BEGIN PROVIDED DATA

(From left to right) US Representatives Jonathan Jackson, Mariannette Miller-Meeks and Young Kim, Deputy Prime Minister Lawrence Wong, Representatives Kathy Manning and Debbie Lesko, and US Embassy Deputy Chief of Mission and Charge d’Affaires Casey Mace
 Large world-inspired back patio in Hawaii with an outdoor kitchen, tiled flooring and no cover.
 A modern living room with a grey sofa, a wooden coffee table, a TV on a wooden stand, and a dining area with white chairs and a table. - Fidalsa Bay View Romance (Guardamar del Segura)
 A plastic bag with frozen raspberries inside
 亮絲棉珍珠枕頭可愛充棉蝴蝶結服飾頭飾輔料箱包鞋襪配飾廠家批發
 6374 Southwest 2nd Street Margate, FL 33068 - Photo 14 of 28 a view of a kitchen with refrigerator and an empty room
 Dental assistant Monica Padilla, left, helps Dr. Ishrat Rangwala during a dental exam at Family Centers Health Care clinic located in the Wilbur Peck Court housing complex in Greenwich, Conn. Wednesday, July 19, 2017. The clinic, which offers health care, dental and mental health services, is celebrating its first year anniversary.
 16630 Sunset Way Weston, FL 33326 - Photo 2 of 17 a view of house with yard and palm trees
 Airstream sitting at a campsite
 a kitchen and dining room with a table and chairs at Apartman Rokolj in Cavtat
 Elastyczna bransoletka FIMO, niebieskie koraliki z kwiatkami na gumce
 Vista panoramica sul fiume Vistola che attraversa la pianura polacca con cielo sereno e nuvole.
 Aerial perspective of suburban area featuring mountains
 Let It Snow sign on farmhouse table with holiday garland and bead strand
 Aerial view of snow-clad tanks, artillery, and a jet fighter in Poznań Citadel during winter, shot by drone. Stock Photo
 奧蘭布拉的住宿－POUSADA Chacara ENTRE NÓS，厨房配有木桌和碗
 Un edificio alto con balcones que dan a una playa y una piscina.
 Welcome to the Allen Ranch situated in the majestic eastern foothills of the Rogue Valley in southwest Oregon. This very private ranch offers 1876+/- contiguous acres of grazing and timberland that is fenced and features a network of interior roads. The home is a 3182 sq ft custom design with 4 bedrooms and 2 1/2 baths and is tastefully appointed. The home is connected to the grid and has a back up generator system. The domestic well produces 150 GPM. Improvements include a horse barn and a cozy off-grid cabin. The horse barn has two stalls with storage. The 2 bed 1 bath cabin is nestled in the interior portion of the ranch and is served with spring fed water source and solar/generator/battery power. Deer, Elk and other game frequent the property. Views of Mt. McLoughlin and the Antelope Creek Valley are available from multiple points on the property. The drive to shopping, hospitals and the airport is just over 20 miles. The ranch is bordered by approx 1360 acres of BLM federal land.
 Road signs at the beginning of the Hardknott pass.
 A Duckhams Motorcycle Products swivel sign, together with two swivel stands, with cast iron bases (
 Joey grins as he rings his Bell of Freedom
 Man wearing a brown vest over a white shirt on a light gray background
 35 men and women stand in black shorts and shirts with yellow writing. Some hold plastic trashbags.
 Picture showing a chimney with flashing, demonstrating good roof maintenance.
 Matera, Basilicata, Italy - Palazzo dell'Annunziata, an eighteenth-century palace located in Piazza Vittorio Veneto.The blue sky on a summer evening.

END PROVIDED DATA

Send back exactly the lines of the listing above starting at the one with "6374 Southwest 2nd" and ending at the one with "Aerial view of", inclusive, and no others.

 6374 Southwest 2nd Street Margate, FL 33068 - Photo 14 of 28 a view of a kitchen with refrigerator and an empty room
 Dental assistant Monica Padilla, left, helps Dr. Ishrat Rangwala during a dental exam at Family Centers Health Care clinic located in the Wilbur Peck Court housing complex in Greenwich, Conn. Wednesday, July 19, 2017. The clinic, which offers health care, dental and mental health services, is celebrating its first year anniversary.
 16630 Sunset Way Weston, FL 33326 - Photo 2 of 17 a view of house with yard and palm trees
 Airstream sitting at a campsite
 a kitchen and dining room with a table and chairs at Apartman Rokolj in Cavtat
 Elastyczna bransoletka FIMO, niebieskie koraliki z kwiatkami na gumce
 Vista panoramica sul fiume Vistola che attraversa la pianura polacca con cielo sereno e nuvole.
 Aerial perspective of suburban area featuring mountains
 Let It Snow sign on farmhouse table with holiday garland and bead strand
 Aerial view of snow-clad tanks, artillery, and a jet fighter in Poznań Citadel during winter, shot by drone. Stock Photo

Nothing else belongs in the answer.